Village Voice: "In a film with several welcome, graceful touches -- in addition to so many remarkable performances, 'Mother and Child' stands out for its colorblind casting and the casualness of its interracial relationships -- García's strenuous avoidance of another reproductive choice disappoints all the more. Though Karen gives birth to Elizabeth in 1973 -- the year Roe v. Wade was decided -- none of the pregnant women, regardless of age or financial security, discuss abortion (one lead character's gynecologist does, sending her into a white-hot rage). The sanctity of the titular connection is real, as are the characters García creates. But in not addressing an option that these women surely must have grappled with, García's laudable film stops short of being great."

New York Magazine
: 'Mother and Child' is suffused with grief and loss. It's also suffused with compassion and insight. One of García's earlier films was 'Nine Lives,' in which nine women's stories were poetically compressed, each told in a single long shot. This time, he has three stories that converge, although not in the way you expect. The third protagonist is a young woman (Kerry Washington) who can't have children and undergoes a grueling grilling by a pregnant, seething teenager (Shareeka Epps) to see if she's worthy to adopt the girl's child. The film becomes a tapestry of mother-and-child stories, each child molded by the overbearing presence or absence of its mother, each wondering which is more important: blood or time spent."

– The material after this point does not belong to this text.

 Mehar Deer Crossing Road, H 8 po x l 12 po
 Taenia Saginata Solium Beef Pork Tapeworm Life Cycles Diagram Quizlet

Entertainment Weekly: "That's not to say that Annette Bening, Naomi Watts, and Kerry Washington aren't lovely playing women who must deal with the life-altering consequences of adoption. Just that the characters in Rodrigo García's movie never rise above being sample clientele. Bening, in a forceful, barefaced performance, is fiftysomething Karen, who, as a teenager, gave an infant daughter up for adoption and has wept ever since, masking her sadness with a sour, spinster veneer. Watts is Elizabeth, an adoptee in her 30s who has turned the loneliness of having never known her own mother into a sexualized hardness she likes to think of as independence. Young, married, and infertile Lucy, played by Washington, longs for a child of her own. Woe, by the way, unto the good, decent men -- played by Jimmy Smits, Samuel L. Jackson, and David Ramsey -- who cross these women's paths. In the ovarian jungle of 'Mother and Child' each gent is undervalued in his own way."

Slant Magazine: "In Garcia's view of reproductive politics, adoption is a harbinger of misery, a last-ditch option that is only acceptable when the mother dies in childbirth, while abortion remains the film's structuring absence, the word that dare not speak its name. And yet, for all the director's sentimentalization of "traditional" values, he's quite willing to view single motherhood as a legitimate option. (He's also down with mixed-race couples.) After all, a mother raising her own child is just the right thing to do, regardless of circumstances, so the director allows several of the film's women to engage in rewarding instances of single parenthood. It all leads to a round of joyful tears and sappy guitar noodlings, but since these are the expected stuff of the melodrama form, a potentially progressive genre designed to explore the roles of womanhood in a man's world, it's hard to argue on principle with their deployment. It's the ideological service to which Garcia puts these manipulations that makes them so objectionable."